Vom Rechtsweg gegen Gemeindereglemente bis zur Asylunterbringung: Der Sessionsüberblick vom 17. September zeigt offene Entscheide, mögliche kommunale Folgen und praktische Schritte für die Verwaltung.
Ein Sitzungstag, unterschiedliche Folgen für Gemeinden
Welche Nachricht aus dem Bundeshaus erfordert eine Abklärung in der Gemeindekanzlei? Welche betrifft die längerfristige Planung? Und wo wäre eine Anpassung der Verwaltungspraxis verfrüht? Diese Fragen stehen im Mittelpunkt des Überblicks über den 17. September 2026. Der Tag liegt in der Herbstsession vom 14. September bis 2. Oktober 2026.
Die betrachteten Geschäfte berühren unterschiedliche kommunale Aufgaben: die Erarbeitung von Reglementen, Unterbringung und Integration, Prävention, Sicherheitsorganisation sowie die Entwicklung touristischer und wirtschaftlicher Standorte. Aus Verwaltungssicht empfiehlt es sich, jeweils den konkreten Verfahrensstand neben der möglichen örtlichen Betroffenheit festzuhalten. Das verhindert, dass eine politische Forderung bereits als Umsetzungsauftrag behandelt wird.
Der Beitrag bildet den Stand der ausgewerteten Veröffentlichungen vom 17. September 2026 ab. Er ist keine vollständige Liste sämtlicher Sessionsthemen. Die nachfolgenden Praxisempfehlungen sind administrative Prüfansätze, keine aus den Ratsmeldungen abgeleiteten neuen Rechtspflichten.

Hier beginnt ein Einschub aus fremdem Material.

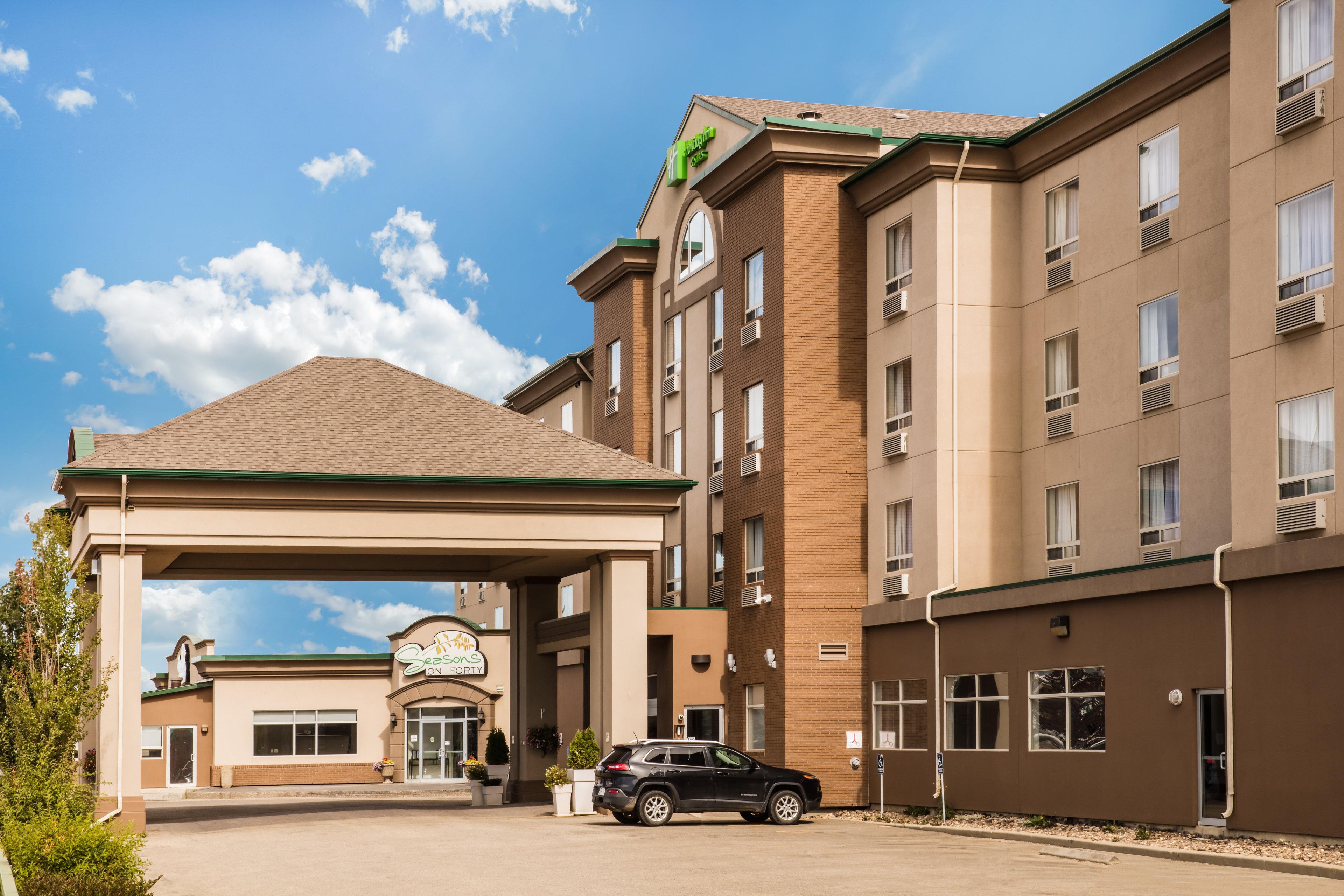 Holiday Inn & Suites Grande Prairie By Ihg Zewnętrze zdjęcie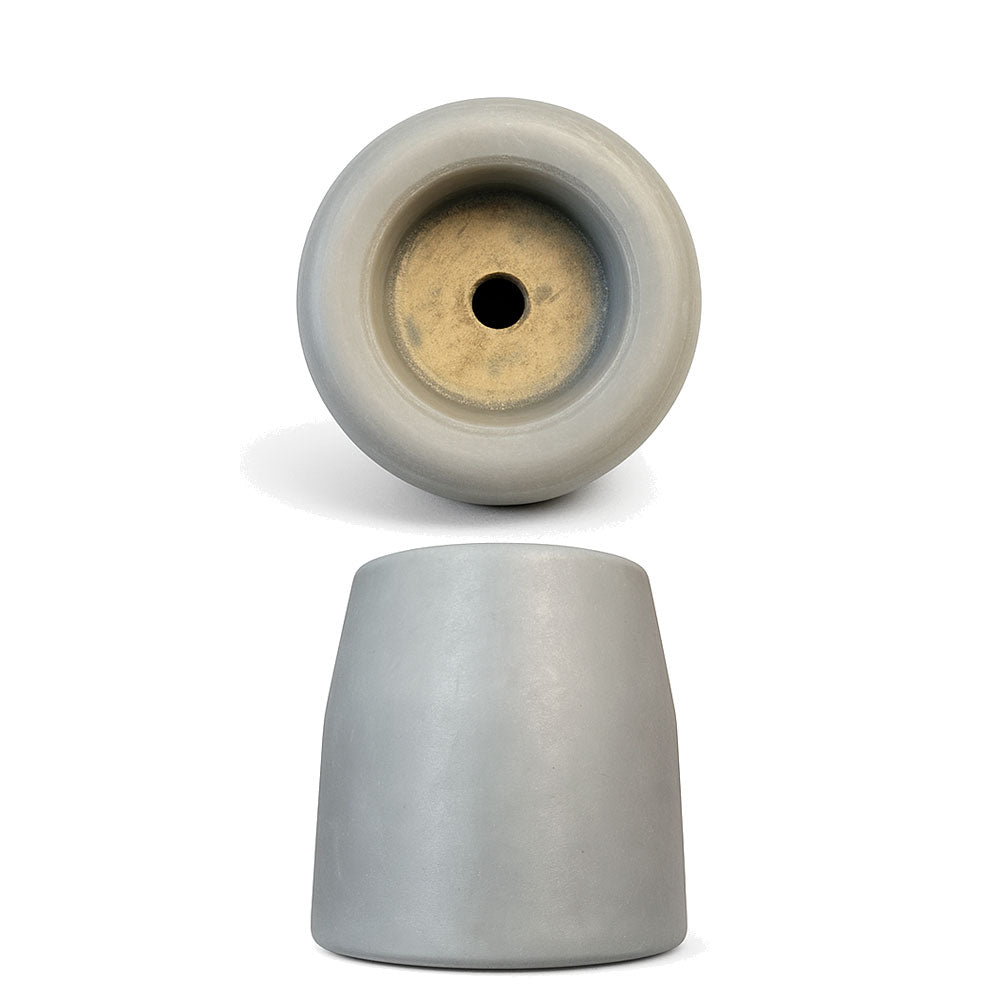 Regatón para andador 25mm gris COD 300305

Kommunale Reglemente: Der Rechtsweg ist noch offen
Bei der Teilrevision des Bundesgerichtsgesetzes steht der Zugang zum höchsten Gericht zur Diskussion. Die Sessionsvorschau des Nationalrats führt die Vorlage unter der Geschäftsnummer 25.088. Der kommunale Bezug liegt bei Erlassen, also allgemeinen Regeln wie Gemeindereglementen, nicht pauschal bei jeder Verfügung im Einzelfall.
Der Nationalrat sprach sich am 17. September mit 95 zu 93 Stimmen dagegen aus, dass kommunale Erlasse in den betroffenen Konstellationen unmittelbar beim Bundesgericht angefochten werden können. Angestrebt wird eine vorgängige kantonale gerichtliche Prüfung. Der Ständerat wollte die betreffende Bestimmung streichen; die Differenz zwischen den Räten besteht somit fort. Das dokumentiert die Tagesmeldung von Keystone-SDA bei Nau.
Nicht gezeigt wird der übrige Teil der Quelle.